Although outgroup rooting is necessarily difficult for the individual clades of intron families, the unrooted phylogeny suggests particular close relations of certain introns in F01, in this case of the “moss” intron cox3i507g2 with the “tracheophyte” intron nad4i1399g2 and of the phylogenetically wider distributed paralogues nad5i230g2 with rps3i74g2 (Fig. 6). Interestingly, the latter two and nad7i209g2 as a third intron paralogue of the F01 family have recently been demonstrated to be affected by the same nuclear-encoded splicing factor in the model angiosperm Arabidopsis thaliana, OZ2 [50]. Also quite notably, the maize NCS2 mutant (non-chromosomal stripe mutant) described long ago [59] is the result of a mitogenome recombination between two mitochondrial introns that we have now assigned to family F01: nad4i1399g2 and nad7i209g2.

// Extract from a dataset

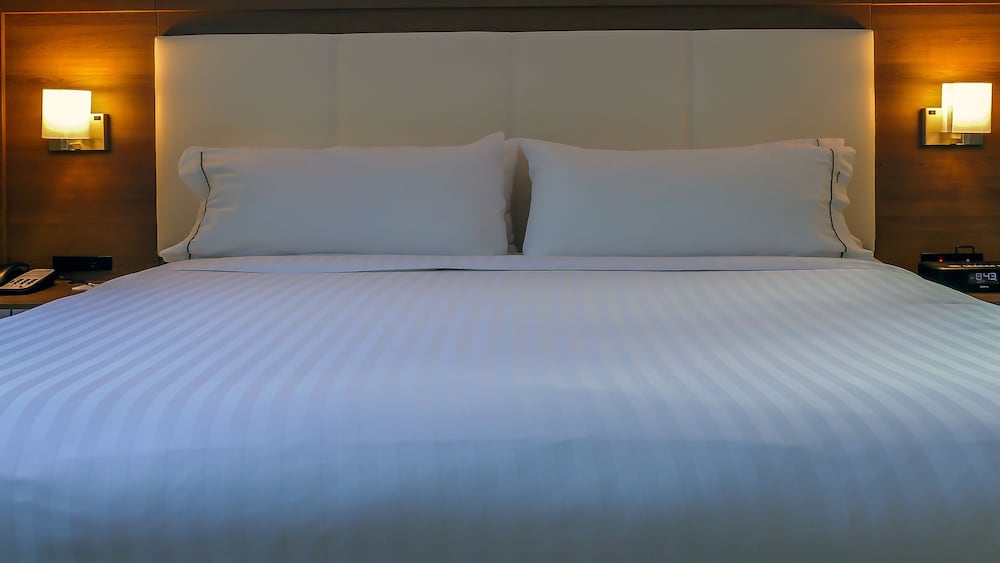 Standard Room, 1 King Bed, Accessible, Bathtub (Mobility, Airport View) photo 2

The phylogeny of intron paralogues is in accordance with known species phylogenies for the well-supported nodes, while apparent phylogenetic “mis-placements” e.g., of the diverging lycophyte sequences, remain without support (Fig. 6). However, and notably so with respect to phenomena like shared splicing factors, the possibility of concerted and converging evolution must be considered. Whereas the case of atp6i439g2 is an example where even the distant algal orthologue in Zygnema is included with its counterparts in lycophytes and hornworts in one subclade, this is not the case for rps3i74g2 where the Charales orthologues are attracted to the isolated atp9i214g2 paralogue in Chara vulgaris. Our later additional considerations of maturase protein similarities that we will discuss below includes family F01 into a “superfamily” also including the small family F22 and two “solitary” introns (Fig. 5).
Family F02
As in family F01, some intron paralogues in family F02 likewise have a very restricted occurrence: cox3i625g2 is exclusively present in liverworts and nad9i246g2 is only identified in hornworts (Fig. 4). However, despite their phylogenetically disjunct occurrence, cox3i625g2 and nad9i246g2 are closely related paralogues in F02 (Fig. 7). Yet more phylogenetically restricted, nad5i392g2 is only present in the lycophyte order Lycopodiales, here represented by Phlegmariurus squarrosus. The extreme diversity of mitogenome evolution within the lycophyte clade with retained genes and introns and a conserved genetic synteny in the P. squarrosus mtDNA versus highly recombining mitogenomes with reduced gene sets in Isoetales and Selaginellales is also fully in line with intron rps10i235g2 being retained in Phlegmariurus and shared with the seed plants. The similarity of angiosperm rps10i235g2 to liverwort introns rrnLi833g2 and cox3i625g2 had already been noted right along with its initial discovery [60]. Other than rps10i235g2, P. squarrosus intron nad5i1242g2 is shared with ferns, similarly indicating an early vascular plant ancestry. Notably, we recently found intron rrnLi833g2 universally conserved among liverworts now to be also present in the mitogenome of the leptosporangiate fern Haplopteris ensiformis [61] and in a preliminary mtDNA assembly of the fern Dryopteris crassirhizoma (database accession MW732172). Intriguingly, however, the fern rrnLi833g2 introns cluster with their nad5i1242g2 paralogues, possibly indicating concerted evolution or a loss-and-regain scenario.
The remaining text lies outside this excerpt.